To determine the effect of the intake of trans fats by the child through breast milk, the researchers studied three different groups; mothers who only breast fed their infants, those who only used formula and those who used a combination of breast milk and formula.
It is important to measure body fat in addition to weight, said Anderson, since being overweight does not always mean having a high percent of body fat and vice versa. "It's not just the weight, but the amount of body fat in the person that affects their health," Anderson said. "That is why adiposity is such an important measure of cardiovascular risk."
The researchers also found that mothers who consumed more than 4.5 grams of trans fats per day increased their own risk of excessive fat accumulation, independent of pre-pregnancy weight, by almost six times. This data suggests that trans fats intake could have a more significant weight-gain effect on breastfeeding mothers than it does at other times in their lives, Anderson said.
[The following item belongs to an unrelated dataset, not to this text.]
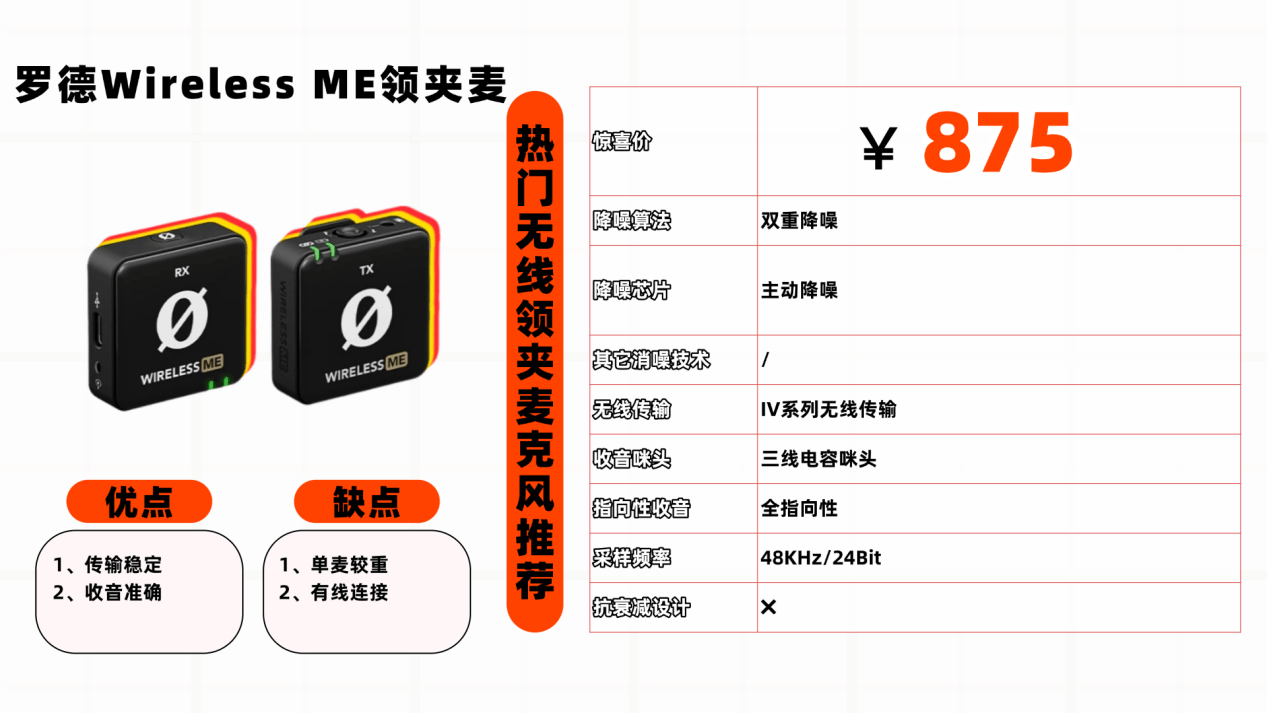 无线领夹麦克风哪个牌子好？分享领夹麦排名前十的音质清晰款！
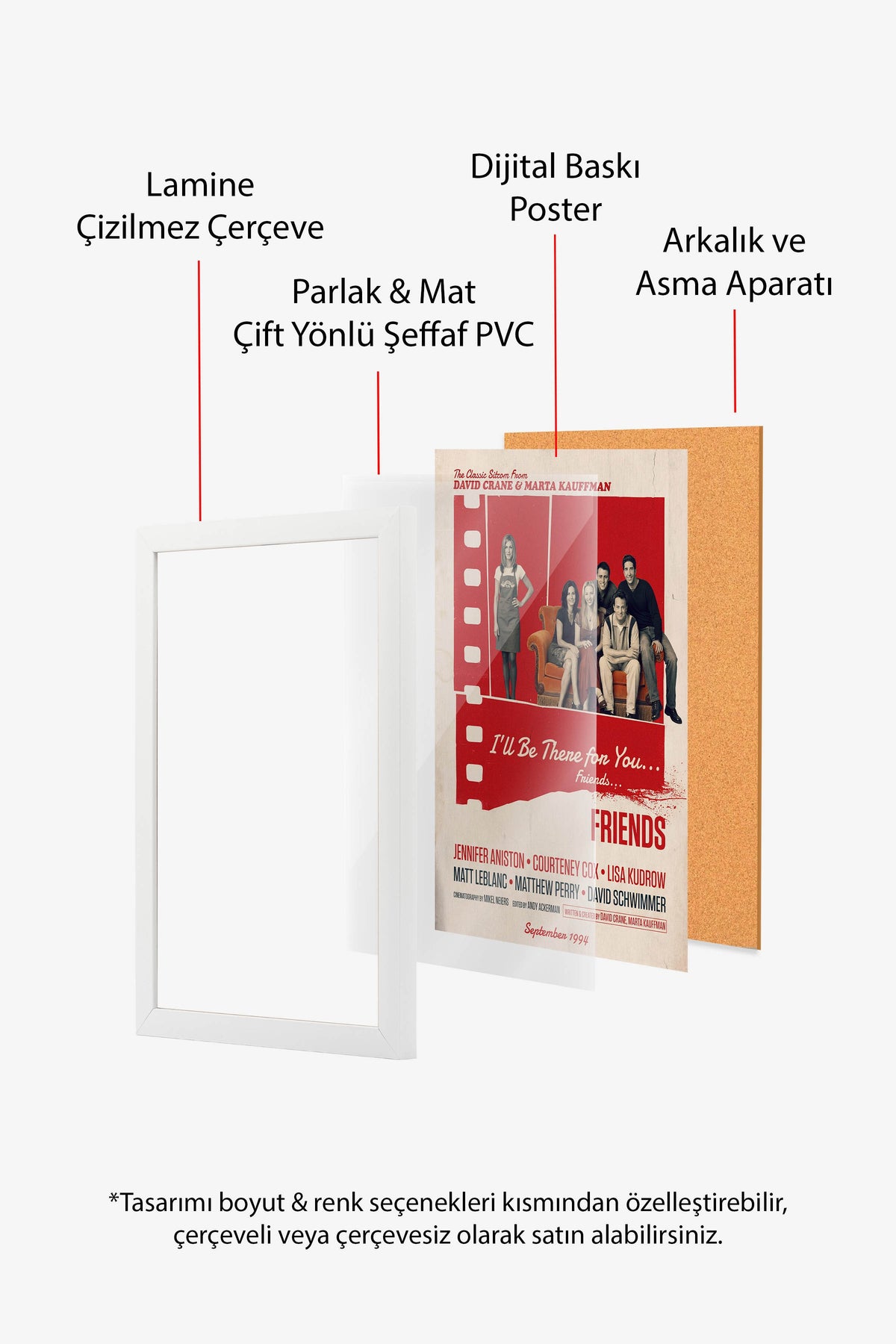 Friends Beyaz Çerçeveli Poster, Sinema ve Dizi Tablo, Film Dizi Afişleri NO:112846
The researchers studied 96 women, many of whom were highly educated non-Hispanic white women, and note that the study should be replicated in a larger, more diverse group to strengthen information about the health dangers of eating trans fats. "It would help to be able to follow the child from when the mother was pregnant, through birth, and then adolescence, so that we can confirm what the type of infant feeding and maternal diet during breastfeeding have to do with the recent epidemic of childhood obesity," said Anderson.